Please turn in the exam to D2L and include the R Markdown code and either a Word or PDF file with output. While the exam is open book, meaning you are free to use any resources from class, this is strictly an individual endeavor and you should not discuss the problems with anyone outside the course instructor including class members. The instructor will answer questions related to the data, expectations, and understanding of the exam, but will not fix or troubleshoot broken code.

1. (30 points Avocado Price Analysis)

This question will focus on the analysis of avocado prices using a sample of prices recorded in the Western region of the United States. The price represents the average weekly price for an avocado for a given week. For this question, use the sample of avocado prices for 20 weeks shown below.

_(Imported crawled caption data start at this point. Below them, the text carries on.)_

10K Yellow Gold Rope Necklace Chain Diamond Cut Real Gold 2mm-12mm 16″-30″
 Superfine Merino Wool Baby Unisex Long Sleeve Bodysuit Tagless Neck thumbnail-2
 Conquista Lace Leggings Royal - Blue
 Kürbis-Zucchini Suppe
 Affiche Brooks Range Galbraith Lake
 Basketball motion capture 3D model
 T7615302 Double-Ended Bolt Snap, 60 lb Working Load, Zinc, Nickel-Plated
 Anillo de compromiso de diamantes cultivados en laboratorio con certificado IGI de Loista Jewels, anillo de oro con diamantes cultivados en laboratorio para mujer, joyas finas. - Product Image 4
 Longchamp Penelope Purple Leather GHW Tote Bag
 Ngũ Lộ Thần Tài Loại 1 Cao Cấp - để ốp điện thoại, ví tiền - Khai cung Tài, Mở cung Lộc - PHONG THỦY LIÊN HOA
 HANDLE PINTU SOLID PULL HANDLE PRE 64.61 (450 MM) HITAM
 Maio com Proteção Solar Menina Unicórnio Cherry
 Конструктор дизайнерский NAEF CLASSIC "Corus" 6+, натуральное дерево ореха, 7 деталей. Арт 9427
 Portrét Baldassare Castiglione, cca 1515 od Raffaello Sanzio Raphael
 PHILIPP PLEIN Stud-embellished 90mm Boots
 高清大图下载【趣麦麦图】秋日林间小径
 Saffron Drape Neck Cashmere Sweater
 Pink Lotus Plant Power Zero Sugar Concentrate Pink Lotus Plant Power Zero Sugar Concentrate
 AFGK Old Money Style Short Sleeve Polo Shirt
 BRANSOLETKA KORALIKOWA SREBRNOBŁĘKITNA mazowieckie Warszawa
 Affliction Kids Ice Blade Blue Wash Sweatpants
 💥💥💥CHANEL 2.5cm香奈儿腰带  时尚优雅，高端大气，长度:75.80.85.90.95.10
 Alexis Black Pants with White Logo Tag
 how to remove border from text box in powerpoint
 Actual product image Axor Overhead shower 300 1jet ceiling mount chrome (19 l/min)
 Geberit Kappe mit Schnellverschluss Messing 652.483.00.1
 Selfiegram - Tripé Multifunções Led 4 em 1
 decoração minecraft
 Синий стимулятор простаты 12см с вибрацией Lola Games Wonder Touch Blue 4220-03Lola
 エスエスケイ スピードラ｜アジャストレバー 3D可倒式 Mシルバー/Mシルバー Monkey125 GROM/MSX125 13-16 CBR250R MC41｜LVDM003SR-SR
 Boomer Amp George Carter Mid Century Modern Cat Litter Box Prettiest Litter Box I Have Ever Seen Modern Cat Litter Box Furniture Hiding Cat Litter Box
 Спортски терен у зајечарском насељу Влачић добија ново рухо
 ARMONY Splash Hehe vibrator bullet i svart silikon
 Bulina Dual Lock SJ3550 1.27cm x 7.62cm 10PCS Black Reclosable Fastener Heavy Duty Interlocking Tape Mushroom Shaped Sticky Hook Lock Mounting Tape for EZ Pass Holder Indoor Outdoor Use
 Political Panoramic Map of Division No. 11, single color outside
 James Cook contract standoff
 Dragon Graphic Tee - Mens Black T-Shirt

avo.price <- c(0.99, 1.13, 1.17, 0.93, 1.53, 0.92, 0.79, 0.66, 1.25, 0.85, 1.18, 1.01, 1.04, 0.89, 0.98, 1.53, 0.85, 1.01, 0.86, 1.06)

a. (5 points)

Select and defend a sampling model for the average avocado price.

b. (5 points)

Identify parameters in the sampling model that require prior distributions. Then summarize the distributions you have selected and defend your choice of distribution and the parameters in the distribution.

c. (5 points)

Write a detailed description of the procedure you will use to draw samples from the posterior distribution. Then implement this procedure (include code in document).

d. (5 points)

Plot the posterior distribution and construct a confidence interval for the mean price of avocados in the western region. How does your interval differ, practically and philosophically, from the one obtained by t.test(avo.price)?

e. (5 points)

Suppose a posterior predictive distribution puts probability on negative prices for avocados. What does this mean in terms of your prior - sampling model combination and propose a solution.

f. (5 points)

There is another dataset that contains avocado prices for conventional and organic avocadoes for different regions across the country. Write out a sampling model to incorporate this information (account for different prices by avocado type and region) and state what parameters would need prior distributions.

2. (35 points - Speed Camera Violations)

The city of Chicago has established areas designated as Children’s Safety Zones https://www.cityofchicago.org/city/en/depts/cdot/supp_info/children_s_safetyzoneporgramautomaticspeedenforcement.html that are near schools and parks. In an effort to reduce accidents in these areas, cameras have been set up to track vehicle speed and red light violations.

For this analysis we will look at a small subset of this dataset available at http://math.montana.edu/ahoegh/teaching/stat532/data/speed_camera.csv. More information and the complete data is available at https://www.kaggle.com/chicago/chicago-red-light-and-speed-camera-data

a. (5 points)

The dataset contains a sample of violations from two different speed cameras. Implement a non-Bayesian procedure to sumarize the behavior of traffic violations at each camera location and assess whether you believe there to be differences across the two locations. Clearly summarize your findings and detail all assumptions made in this model, including a discussion about the implications of the assumed sampling model.

b. (5 points)

Create a plot of the number of traffic violations at each camera. Then choose and defend a sampling model for the observed data. Note: you will have a chance to re-evaluate your sampling model later too.

c. (5 points)

Identify the parameters in your sampling model that need prior distributions. Then select prior distributions and justify the family of the distribution and provide some intuition into the parameters that you selected.

d. (5 points)

Implement and fully describe a procedure to find the posterior distribution for your parameters of interest, either analytically or computationally. This description should include a mathematical justification for what you are doing and be written in a way that your first-year statistics graduate student colleagues could understand. Finally include a plot of the posterior distibution for all parameters of interest.

e. (5 points)

Conduct a posterior predictive check to assess how well your data matches with your prior-sampling model combination. If you are not satisfied, please discuss some options for improving the model.

f. (5 points)

Assume it turns out the city is interested in identifying locations with more than 20 speeding violations, in order to allocate resources. Rather than focusing on the mean of the distribution, use your posterior predictive distribution to compute the following probabilities, where \(Y_{005}\) and \(Y_{068}\) are future observations from each camera.

  • \(Pr[Y_{068} > 20]\)
  • \(Pr[Y_{005} > 20]\)
  • \(Pr[Y_{005} > Y_{068}]\)

g. (5 points)

Using the Bayesian model you have developed, revisit the analysis from part a. Summarize your findings from the Bayesian model and then the differences between the two approaches.